In the records below, find the line with "2022 Toyota Corolla for sale in Sanford NC"; retype that line and all the following lines through the end, exactly, and add nothing.

◆ SUPPLIED DATA
◇ ◇ ◇ ◇

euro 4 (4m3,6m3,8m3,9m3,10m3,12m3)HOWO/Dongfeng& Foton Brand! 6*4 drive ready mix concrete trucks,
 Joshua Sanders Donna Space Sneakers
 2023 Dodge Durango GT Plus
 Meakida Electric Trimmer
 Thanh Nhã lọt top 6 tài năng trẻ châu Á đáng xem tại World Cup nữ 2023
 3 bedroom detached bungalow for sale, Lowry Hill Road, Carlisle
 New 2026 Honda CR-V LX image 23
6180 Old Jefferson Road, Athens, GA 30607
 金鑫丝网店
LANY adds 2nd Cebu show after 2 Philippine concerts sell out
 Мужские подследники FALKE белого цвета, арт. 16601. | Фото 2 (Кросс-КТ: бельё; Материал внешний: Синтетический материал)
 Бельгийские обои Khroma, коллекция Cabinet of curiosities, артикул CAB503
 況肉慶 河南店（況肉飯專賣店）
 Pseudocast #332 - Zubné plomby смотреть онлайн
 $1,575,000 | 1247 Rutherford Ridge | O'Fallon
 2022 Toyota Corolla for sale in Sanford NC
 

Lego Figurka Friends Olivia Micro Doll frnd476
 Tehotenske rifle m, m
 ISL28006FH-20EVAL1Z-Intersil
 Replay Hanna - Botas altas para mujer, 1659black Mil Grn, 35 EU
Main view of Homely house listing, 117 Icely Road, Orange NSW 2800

◇ ◇ ◇ ◇

◆ REPLY
 2022 Toyota Corolla for sale in Sanford NC
 

Lego Figurka Friends Olivia Micro Doll frnd476
 Tehotenske rifle m, m
 ISL28006FH-20EVAL1Z-Intersil
 Replay Hanna - Botas altas para mujer, 1659black Mil Grn, 35 EU
Main view of Homely house listing, 117 Icely Road, Orange NSW 2800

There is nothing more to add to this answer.